Report highlights rapid growth of UK AD sector

A report from the National Non-Food Crops Centre (NNFCC) highlights the strong rate of growth in anaerobic digestion (AD) capacity.


Anaerobic digestion deployment in the United Kingdom shows there are 138 operational plants and 341 in development, most of these on farm sites. The figures do not include sewage-based AD plants.


The report gives a regional breakdown of AD development in Northern Ireland, Scotland, Wales and the 10 regions of England, providing detailed information on feedstock requirements, installed capacity and output type for every project.


Deployment is strongest in the east of England, while the North East has the fewest plants and distribution across other regions is broadly equal.


Regional capacity is an increasingly important factor in planning new installations, says NNFCC consultant Dr Mike Goldsworthy.

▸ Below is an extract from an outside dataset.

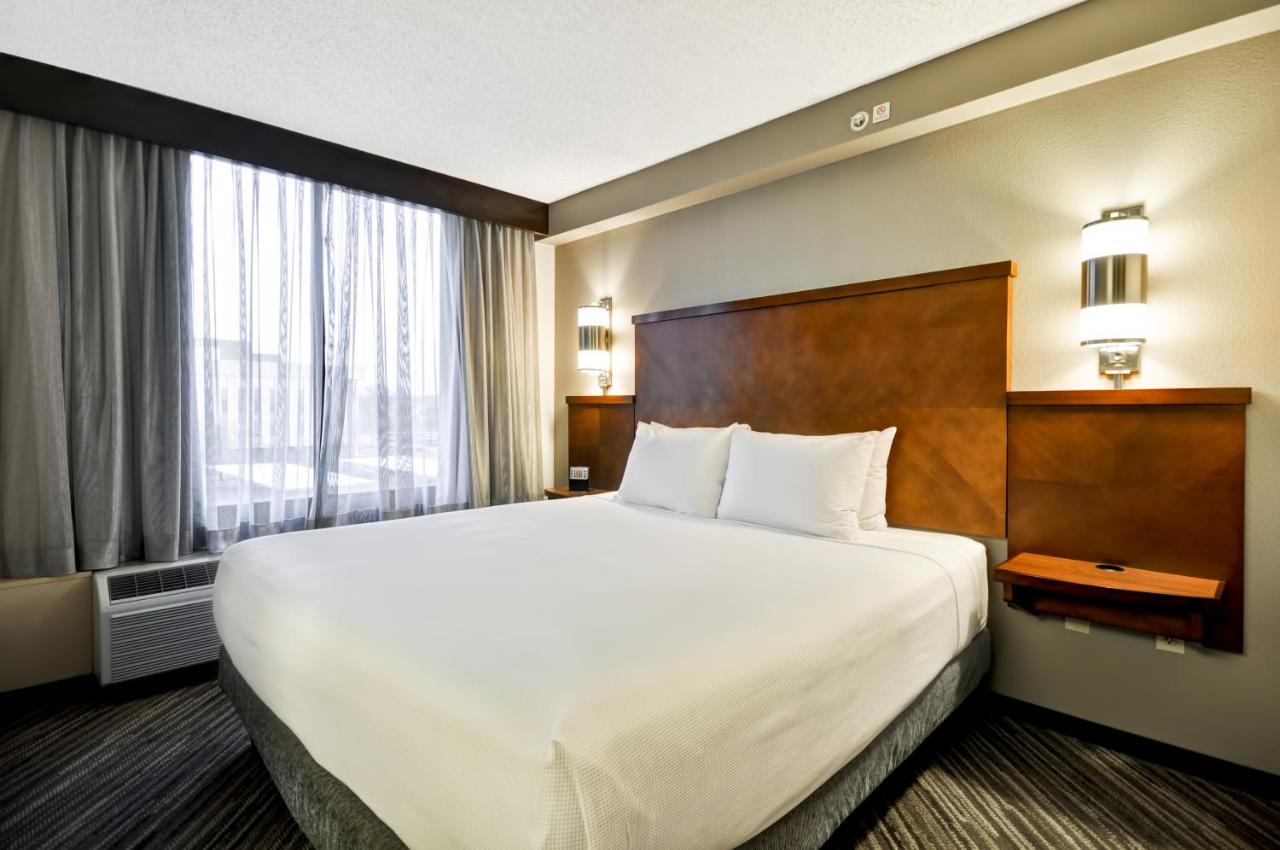 King Room with ADA Bathtub - Disability Access at Hyatt Place Albuquerque/Uptown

UK AD sector gathers momentum


138 operational plants:


  • 65 farm-fed (42MW)
  • 73 waste-fed (86MW)

341 plants under development:


  • 213 farm-fed (130MW)
  • 128 waste-fed (249MW)

14 biomethane-to-grid (BtG) projects:


  • 5 operational plants
  • 9 plants under development

Current required feedstock volumes:

  • 750,000 t/year energy crops
  • 700,000 t/year other waste
  • 450,000 t/year manure or slurry
  • 1.450m t/year food waste
  • 200,000 t/year crop waste

      Future (theoretical) required feedstock volumes – to 2017:


      • 5.5m tonnes/year food waste
      • 2.7m tonnes/year energy crops
      • 2.15m tonnes/year other waste
      • 1.8m tonnes/year manure or slurry
      • 450,000 t/year crop waste

      Farm-fed installations are those where the contribution of farm-based feedstocks (manure, slurry, energy crops, crop wastes) towards total feedstock requirement is greater than 50%.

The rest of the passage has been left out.